Look Ma, No Hands: Celebrating those Milestones
“Rights-of-passage & life events are best survived, enjoyed, and celebrated with those we love most.”
Being a non-traditional student is often not very glamorous. My studies at Saint Mary-of-the-Woods College (SMWC) have seen me through many different life-changes.
When I enrolled at Saint Mary-of-the-Woods College in January 2020, my world was changing — but so was the rest of the world. . .
Covid-19 had begun to significantly alter life as we knew it.
In the last few months working at the Piggly Wiggly — a position I had held for almost a decade, I had started shopping and delivering groceries for elderly customer when my shift ended who were homebound, due to the global quarantine and social distancing.
Face masks became normal garb for everyone.
Younger students who had the “traditional” college experience were suddenly uprooted as campuses around the U.S. were closing or favoring virtual coursework for the interim. As time went on, it was clear that it would not be so easy to just go back to life as we knew it, a new-normal had commenced.
A phrase we often heard so much, it perhaps began to lose meaning was that we “lived in unprecedented times.”

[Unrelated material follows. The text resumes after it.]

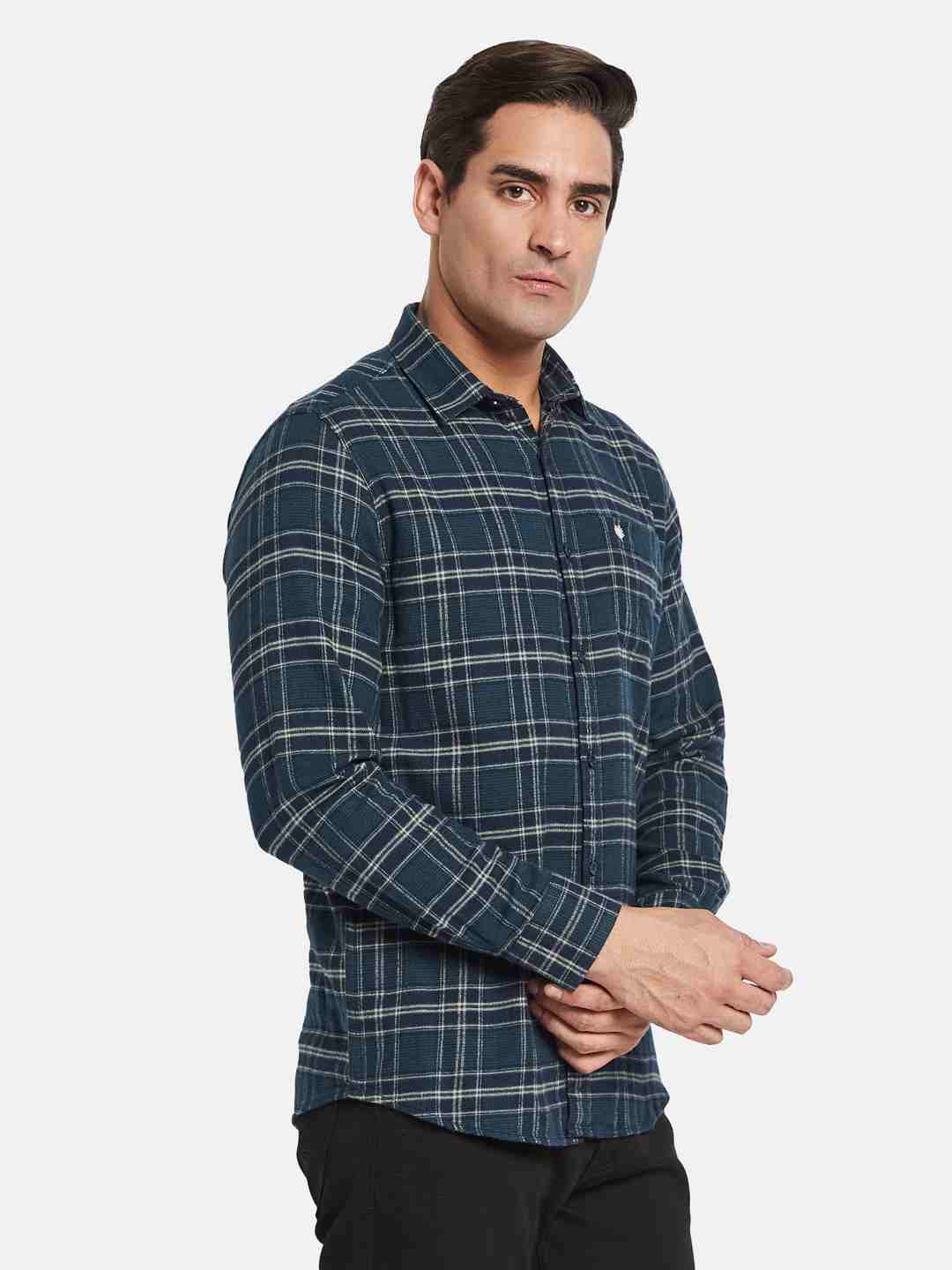METTLE Men Opaque Checked Casual Shirt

This became a theme for my formative years in college as a nontraditional student.
As I left the Piggly Wiggly (a job that had earned me the affectionate moniker of “Pig girls,” as patrons of the store fondly referred to my sisters and me, as they considered us to be synonymous with the store) the job market was peculiar, but the unprecedented times brought me an opportunity I might not have otherwise found: I worked in a warehouse part-time packaging parts and such, and dispatching for a trendy food delivery start-up based in Madison, Wisconsin called EatStreet. Working from home was an entirely new experience, and I loved being at home with our new Corgi puppy, Archie.
Being very close and living with my two sisters — my twin and younger sister — is something I’ve always been grateful for, as they’re my only family since we lost our mom in 2017.
A couple years into my studies, I had the opportunity to visit my college campus at SMWC. This was my induction ceremony into Sigma Tau Delta, an English honor society.
It was a moment to take stock of everything that had happened in the last few years, as well as look ahead to what was uncertain.
My twin sister had been diagnosed with cancer and had been receiving alternating weekly and bi-weekly chemo treatments. Still, she was determined to accompany me on the five-hour drive to the ceremony.
The trip did not come without consequences. She was hospitalized with a dangerously low red blood-cell count the following week. If it had been up to me, she wouldn’t have gone (older sister speaking, here!).
But having been homebound for the better part of the year, I could understand why she wanted to be a part of celebrating something of what we call life.
Rights-of-passage & life events are best survived, enjoyed, and celebrated with those we love most.
I was lucky enough to celebrate the day and see the uncertainties of life with the two people that mean the most to me, my sisters. Two years later, my sister is in remission — back to enjoying her life, her job, her dog, drawing anime cartoons, and doing yoga.
She has seen me working 70 hours a week, studying on our living room floor or wherever else worked, and doing our income taxes from beside her hospital bed during treatments.
In a few months, she plans to see me, and our little sister walk across the stage to graduate from Saint Mary-of-the-Woods College as Class of 2024 —
and to me, this is everything.
I took a photo of my mother and a much younger me. We felt her presence there.
In times like this, whether unprecedented or not, we take stock of how far we’ve come — and where we’re going.